Cook County Circuit Court Judge Daniel J. Kubasiak ruled in favor of the county’s motion to dismiss a lawsuit attempting to strike down the sweetened-beverage tax that was filed just days before the tax was supposed to take effect on July 1.
It is unclear when the new tax will officially take effect, as no date has been set for its implementation.
Standing to address the full courtroom Friday afternoon, Judge Kubasiak read from his written opinion.
“This Court is not charged with evaluating the progressive or regressive nature of this tax, or any tax. It is not charged with evaluating and weighing the political wisdom of this tax or any possible alternatives,” the ruling states.
Instead, Kubasiak continued, he determined that the plaintiffs did not sufficiently prove that the ordinance imposing the tax is unconstitutional.
Adding a hefty penny-per-ounce to sugary drinks like soda, sweetened coffee and tea, and energy drinks, the tax is expected to bring in $17 million a month for the cash-strapped county, which is home to Chicago, the nation’s third most populous city.
While public health was cited as the purpose of the new ordinance governing the tax, county officials admit the money it will generate is crucial to their operating budget this year.
Over 400 employees have already been laid off in the last month, with the county blaming the missing sugar tax revenue while the TRO was in effect. County Board President Toni Preckwinkle said a total of 1,100 jobs could be lost if the tax could not be collected.
Assistant State’s Attorney Kent Ray hinted in court that Cook County may file a motion for damages incurred by the delay of the revenue stream.
The Illinois Retail Merchants Association and its co-plaintiffs in the lawsuit argued the ordinance goes against the state constitution’s uniformity clause, as ready-made drinks will be taxed but custom-made drinks will not.
For example, a bottled Starbucks Frappuccino purchased at a grocery store would get the extra tax, but the same drink made by a barista at a Starbucks store wouldn’t.
On top of that, they claimed, retailers cannot charge the new tax for customers using federal Supplemental Nutrition Assistance Program, or SNAP, benefits, burdening stores with figuring out how to charge them.
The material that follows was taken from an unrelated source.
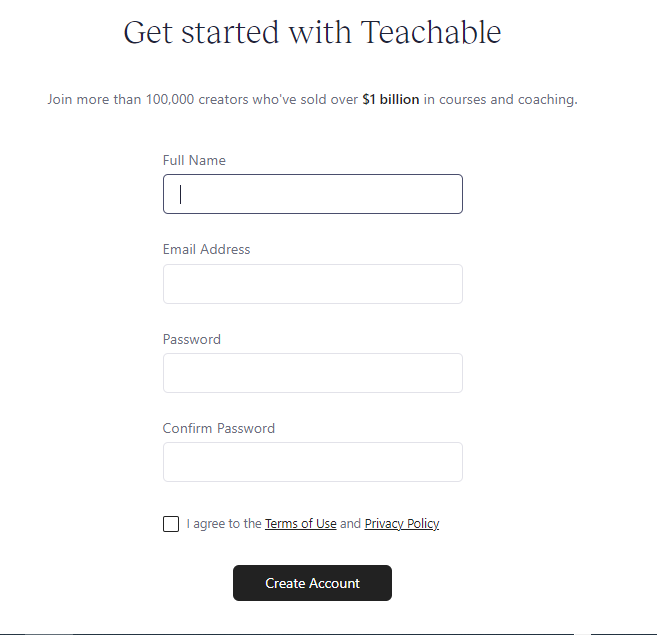 Create your Teachable account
David Ruskin, one of the plaintiffs’ attorneys with Horwood, Marcus & Berk Chartered, said in court last week that “there are no real and substantial differences between [ready-made and custom-made] beverages,” as both can have sweetener in them.
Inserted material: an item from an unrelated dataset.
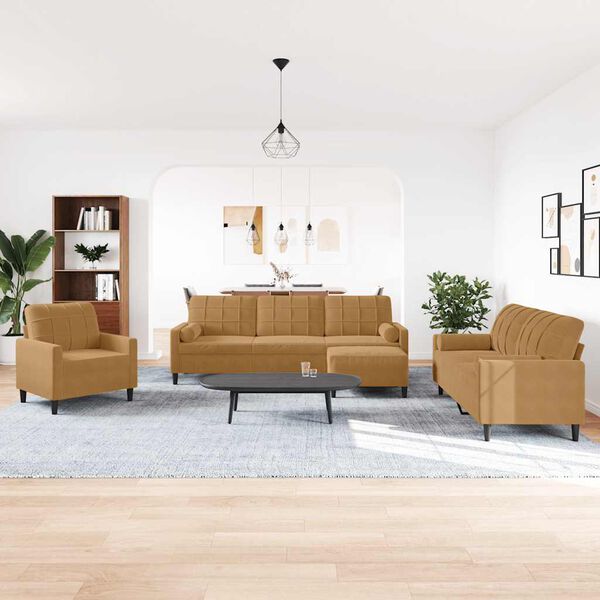 vidaXL Sofos komplektas su pagalvėlėmis, 4 dalių, rudas, aksomas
“The health concerns are the same,” he said.
In its defense, Cook County argued that custom-made drinks are different because it is harder to tell how much sweetener goes into each drink based on customer requests, and taxing those drinks would put a burden on the businesses selling them.
“The uniformity clause is not a straightjacket,” Ray argued for the county a week ago.
“There is certainly no need to tax all beverages with sweetener in them for this tax to be sustained.”
Richard Boykin, a Cook County board commissioner, thinks an appeal will be filed.
“I suspect this is just round one,” he said outside the courtroom Friday.
“Today is a bad day for the taxpayers of Cook County,” Boykin added.